REZAIAN: Not until about six weeks into it. Up until that point, we had been told that you were reported dead in a car accident, that The Washington Post hasn't said a peep, your family has - you know, they don't have any idea where you are, nobody knows that...

MARTIN: Did you believe that when you heard those messages?

REZAIAN: I didn't know what to believe.

MARTIN: Yeah.

REZAIAN: Right? But my in-laws were able to come to a court session that we had. I was told by my sister-in-law that John Kerry has spoken about you a couple of times, and The Washington Post is writing about you, and nobody's forgotten about you, and everybody knows you didn't do anything wrong. It was a shot of hope that I hadn't had yet, and it felt pretty good. But it was short lived because, you know, by the end of that day, I was back in my solitary cell and Yegi was as well.

MARTIN: In the end, you decided to sue the Iranian government, asking a federal judge to impose a billion dollars in damages. Is that purely symbolic? I mean, do you think Iran would ever pay that money?

REZAIAN: Iran would not willingly pay that money, but the point is, whether or not Iran will pay that judgment, it's not a symbolic question. The idea is let's make this expensive for them so they don't do it to other people. The Iranian government needs to feel as though, hey, you know what? This isn't worth it.
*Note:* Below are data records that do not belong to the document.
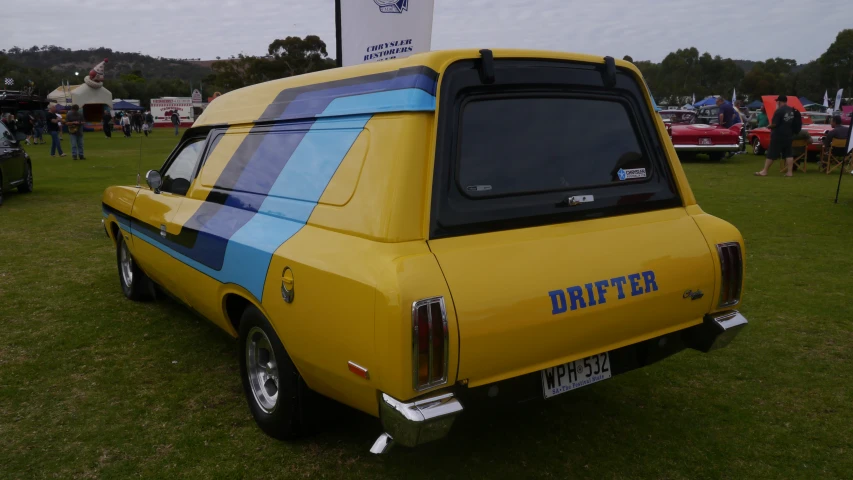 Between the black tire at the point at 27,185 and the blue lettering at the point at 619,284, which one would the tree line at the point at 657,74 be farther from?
the blue lettering at the point at 619,284

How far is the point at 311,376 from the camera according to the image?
9.32 ft

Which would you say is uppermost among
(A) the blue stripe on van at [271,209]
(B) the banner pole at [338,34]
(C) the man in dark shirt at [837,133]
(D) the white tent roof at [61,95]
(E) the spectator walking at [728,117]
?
(D) the white tent roof at [61,95]

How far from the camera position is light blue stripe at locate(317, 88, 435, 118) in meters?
2.48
MARTIN: Do you know how many Americans are being held in Iran right now?

REZAIAN: We know of at least six U.S. persons. You know, that includes citizens and dual nationals. Bob Levinson has been missing in Iran for 11 years. The Iranian government contends that they don't know what happened to him. But I find that impossible to believe. Siamak and Baquer Namazi, father and son, businessmen, Xiyue Wang, a Princeton scholar who was there with a valid student visa, Michael White, a Navy veteran who was apparently visiting his girlfriend - and, you know, these are real people.

MARTIN: May I ask how you navigate life now? I mean, do certain smells or sounds trigger specific memories for you of your time in Evin?
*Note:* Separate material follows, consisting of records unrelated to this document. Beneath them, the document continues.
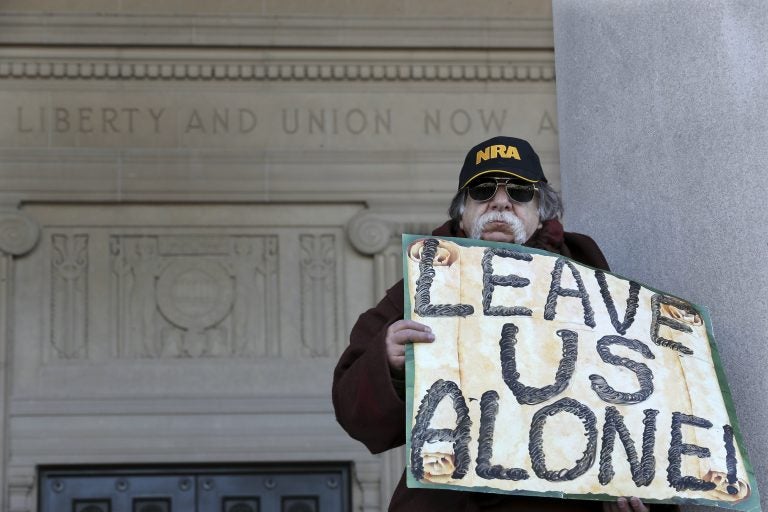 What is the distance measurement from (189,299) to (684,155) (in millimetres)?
6221

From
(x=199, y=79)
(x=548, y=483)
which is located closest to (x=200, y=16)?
(x=199, y=79)

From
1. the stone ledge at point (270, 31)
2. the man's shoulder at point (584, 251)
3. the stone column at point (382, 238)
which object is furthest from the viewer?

REZAIAN: Not so much. I mean, I think about - I still have a very hard time being in situations where people are behind me - right? - where I can't see what the activity is behind me because so much of what I experienced was, you know, under a blindfold. And so many of their interrogations were done with people, you know, behind me.
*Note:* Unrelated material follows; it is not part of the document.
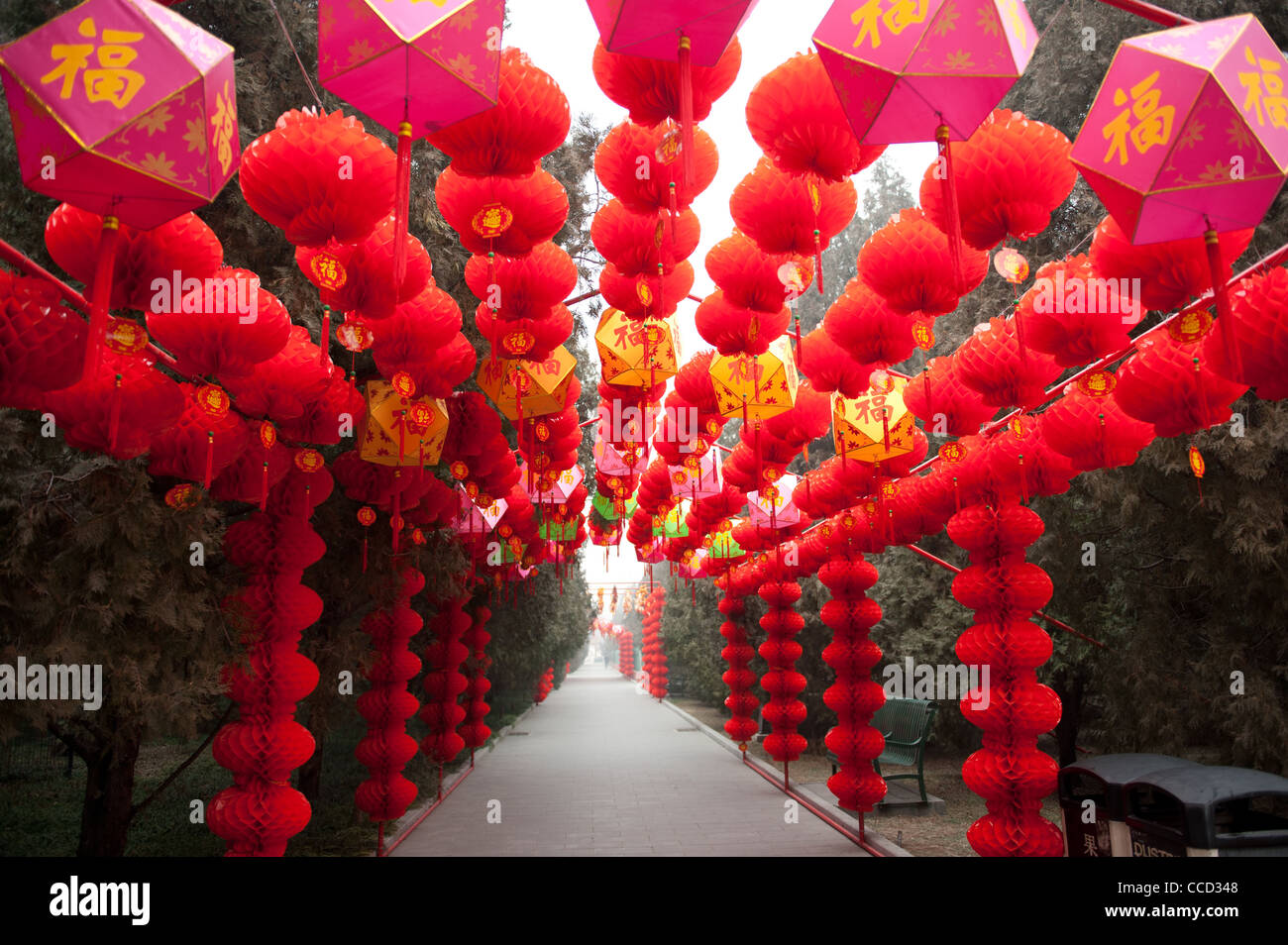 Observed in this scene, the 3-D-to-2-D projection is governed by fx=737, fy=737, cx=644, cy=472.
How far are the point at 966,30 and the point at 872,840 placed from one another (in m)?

MARTIN: Voices that were disembodied.

REZAIAN: Exactly.

MARTIN: Yeah.

REZAIAN: And so that's still an issue for me. You know, I write about the fact that the lights were on 24 hours a day in my cells. And, you know, they're artificial lights, fluorescence, and I'm still incredibly, you know, almost unnaturally sensitive to those kinds of overhead lights in a way that I never was before.

MARTIN: You had at least a couple different cellmates when you weren't in solitary confinement. Do you know what happened to them?

REZAIAN: Yeah. Well, one of them was apparently convicted in a court case I learned later and is spending - I think he's been behind bars for - coming up on eight years now. I don't have any contact with his family, but I learned that through others. The other one who I spent the bulk of my time with was released about two months after I was. And we have a wonderful sort of back and forth over messenger from time to time. He's got two nieces who are very fluent in English who serve as translators. And every once in a while, we'll jump on a FaceTime call. We both put a bunch of the weight that we lost in prison back on, and we joke about that.

And we both look forward to the day that we can meet in a free country and give each other a big hug and reminisce about a really hard time in both of our lives but one in which we both experienced a really unique kind of friendship.

(SOUNDBITE OF GUSTAVO SANTAOLALLA'S "ALL GONE")

INSKEEP: Rachel Martin talking with Jason Rezaian about his new book, "Prisoner."